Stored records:
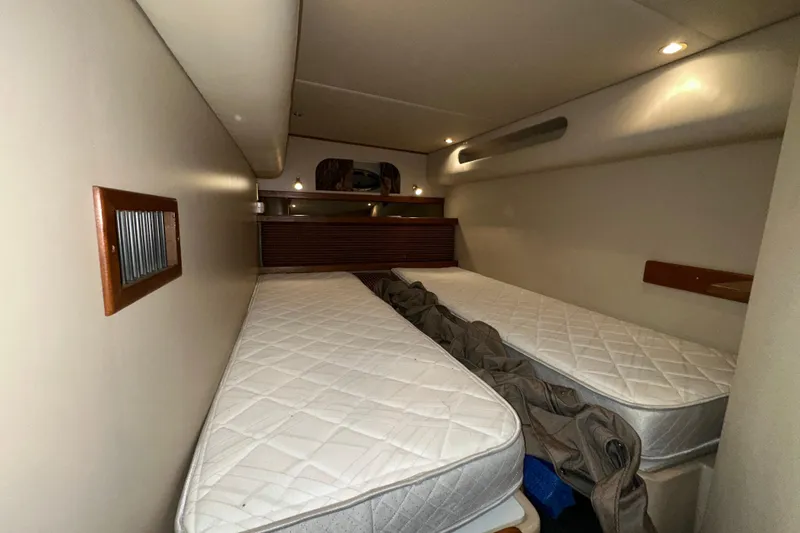 Slide: The Image of 1999 Cruisers Yachts 3870 Esprit cabin with twin beds and cozy lighting. - 23
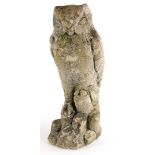 A composition stone model of an owl, positioned perched on a rock, 37cm high.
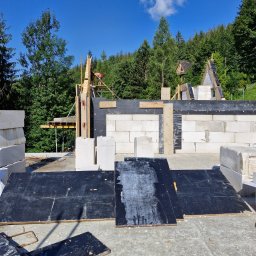 Usługi Minikoparką I Usługi Ogrodnicze Maks Aneta Kościelna - Wznoszenie ścian z bloczków betonu komórkowego na fundamencie w otoczeniu drzew, widoczny szalunek i pracownik na rusztowaniu.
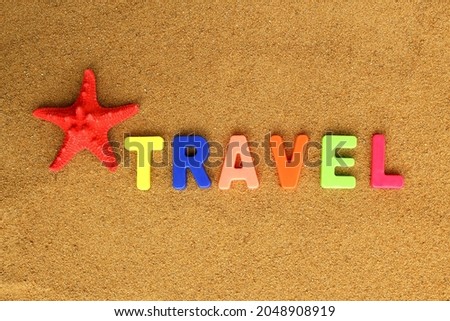 On the beach sand is written a word of bright letters the word travel.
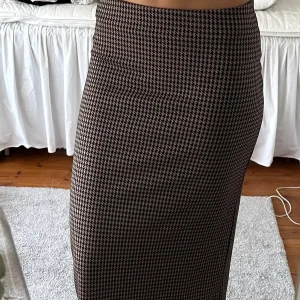 Rutig långkjol från Gina Tricot - Snygg långkjol från Gina Tricot i storlek S med klassiskt rutigt mönster i svart och beige. Kjolen har rak passform och är tillverkad i ett mjukt syntetmaterial som sitter bekvämt. Perfekt för dig som gillar stilrena och trendiga plagg. Med resårband i midjan! 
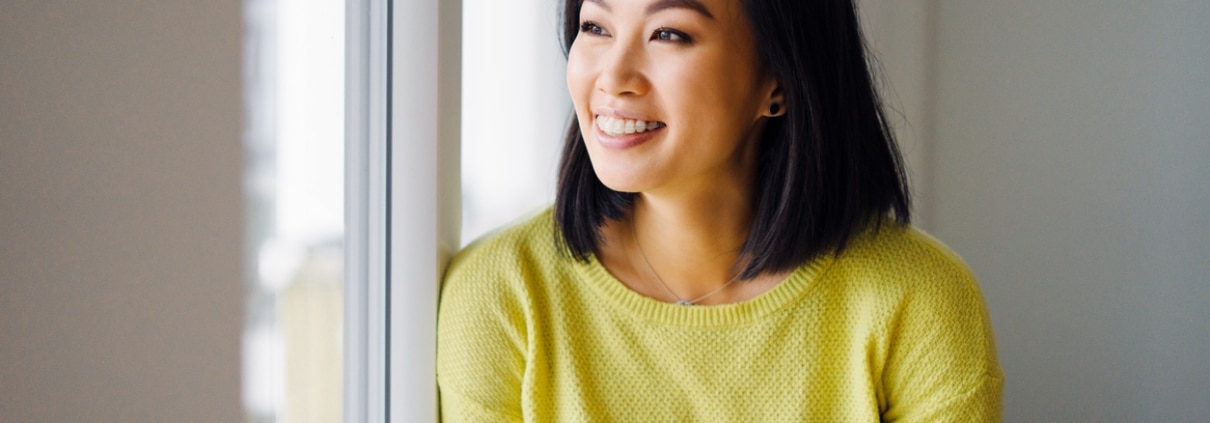 Young woman smiling with orthodontic treatment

Exercise brief >>
What lines above run from the one with "Usługi Minikoparką I" to the one with "On the beach"? Give them again exactly, ends included, and leave the pictures out.

Task output >>
 Usługi Minikoparką I Usługi Ogrodnicze Maks Aneta Kościelna - Wznoszenie ścian z bloczków betonu komórkowego na fundamencie w otoczeniu drzew, widoczny szalunek i pracownik na rusztowaniu.
 On the beach sand is written a word of bright letters the word travel.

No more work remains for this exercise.